The Missing Semester: Proteomics

Differential protein analysis and biomarker identification.

Jul 27, 2025

Welcome to Lesson 3 in Module 1: Data types, of Bioinformatics: The Missing Semester!

Throughout this series, we’ve been talking about data derived from cellular gene expression; both RNA and spatial transcriptomics readouts.

However, in this write-up, we’ll explore a totally new modality: proteins.

Introduction

Shifting from RNA to protein requires a bit of intentional mental reframing. To date, we’ve covered how gene expression can help us identify single-cell populations and how adding spatial coordinates can help map distinct biological niches at near single-cell resolution.

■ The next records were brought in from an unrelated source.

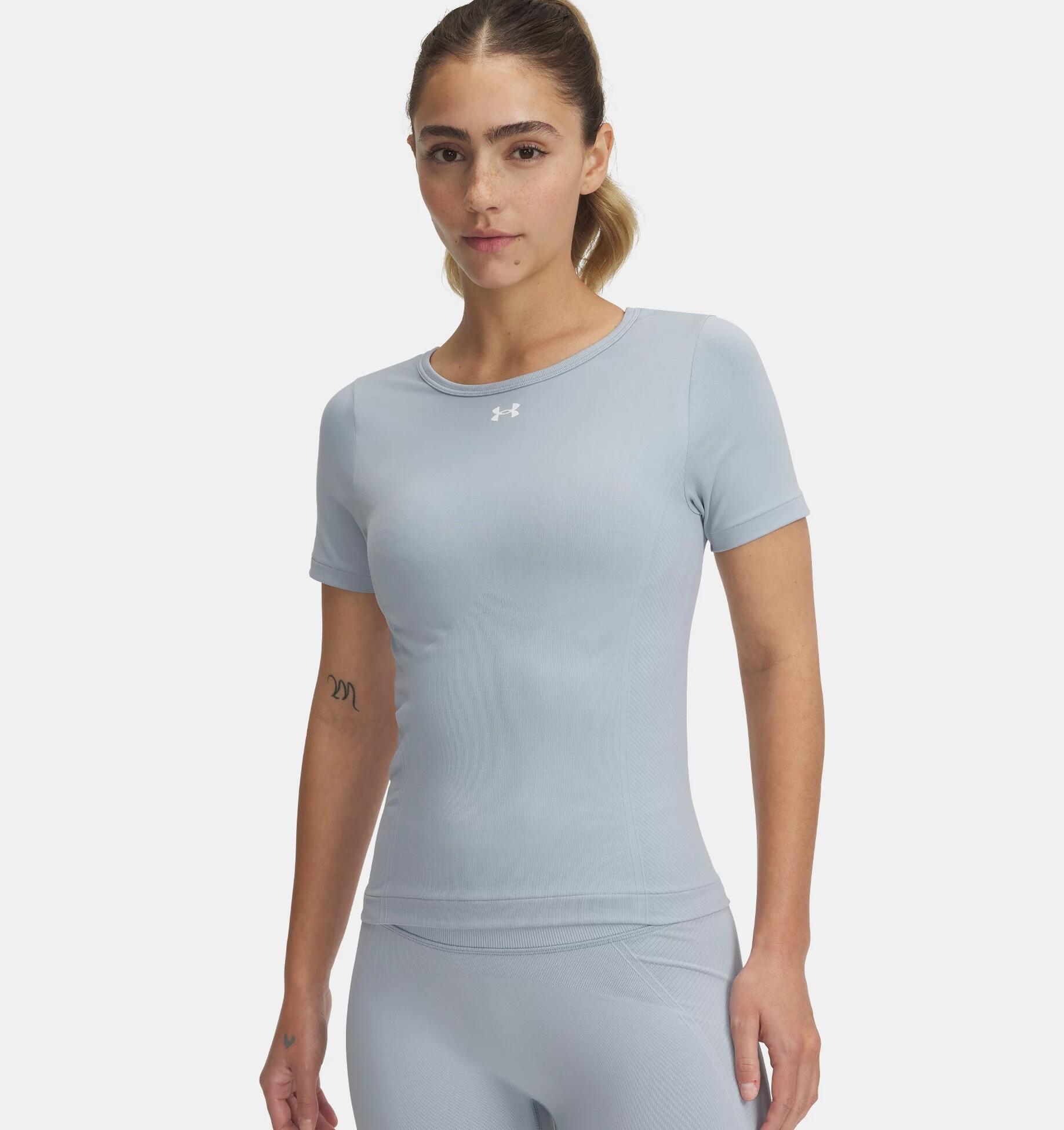 UNDER ARMOUR picture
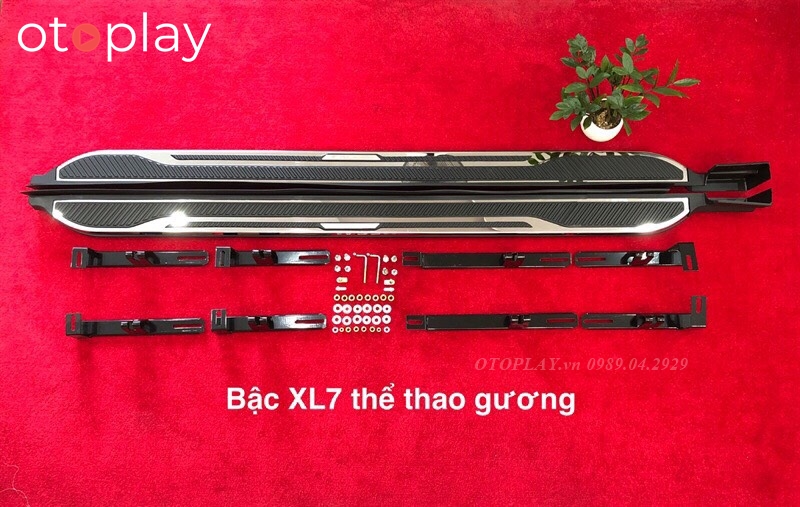 Mẫu bậc dẫm XL7 thể thao gương nổi bật, thu hút mọi ánh nhìn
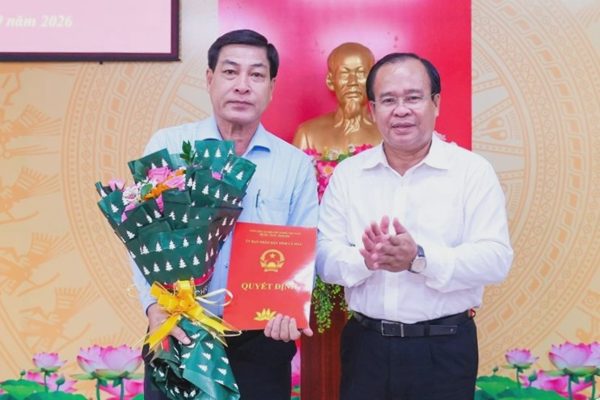 Giám đốc Sở Y tế Cà Mau được cho thôi chức theo nguyện vọng cá nhân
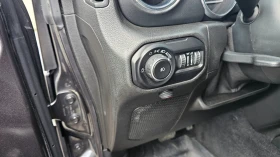 Jeep Wrangler SAHARA - 27400 € - 19748135 12 | Car24.bg Jeep Wrangler SAHARA - 27400 € - 19748135 12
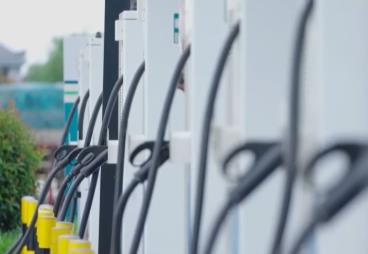 “十四五”對(duì)賬單 我國(guó)建成全球最大充電網(wǎng)絡(luò) 新能源車(chē)跨省出行“說(shuō)走就走”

So, let’s use that information to expand on our thinking and consider the functional implications of gene expression, through proteomics.

Mass Spectrometry (MS) is a critical application which enables the large-scale study of proteins. Typically, analysis of cellular proteins can support differential expression analysis, post-translational modification analysis, protein quantification and perhaps most relevant to a commercial setting: biomarker identification.

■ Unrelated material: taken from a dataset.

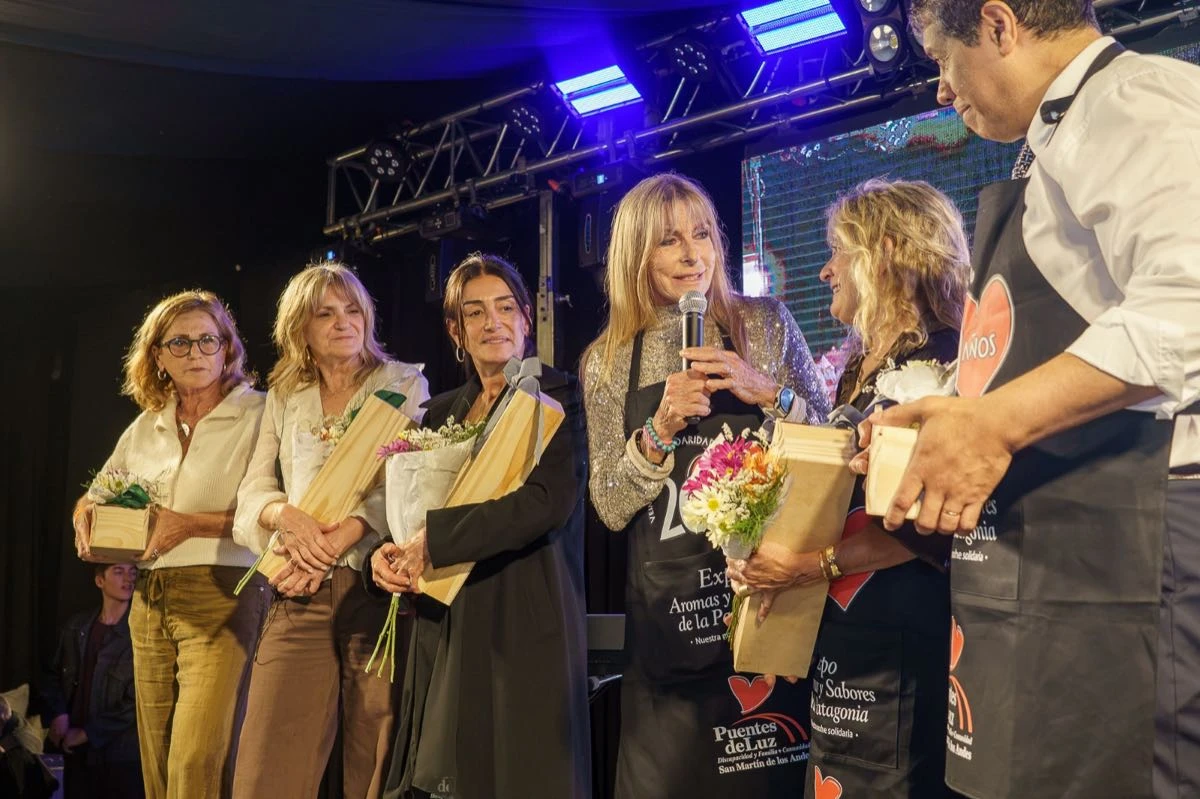 REVISTA GENTE PUENTES DE LUZ SOLIDARIO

In this walkthrough, we’ll cover a differential analysis of protein data generated by MS, walking through fundamental methods used by scientists and engineers in commercial R&D.

Let’s get started.

Data pre-processing and formatting

Unlike the previous two lessons on scRNA transcriptomics and spatial transcriptomics which made use of toy datasets, canned mass spec data is harder to come by (which was not fun for me having to track usable data down, but data accessibility is a different conversation).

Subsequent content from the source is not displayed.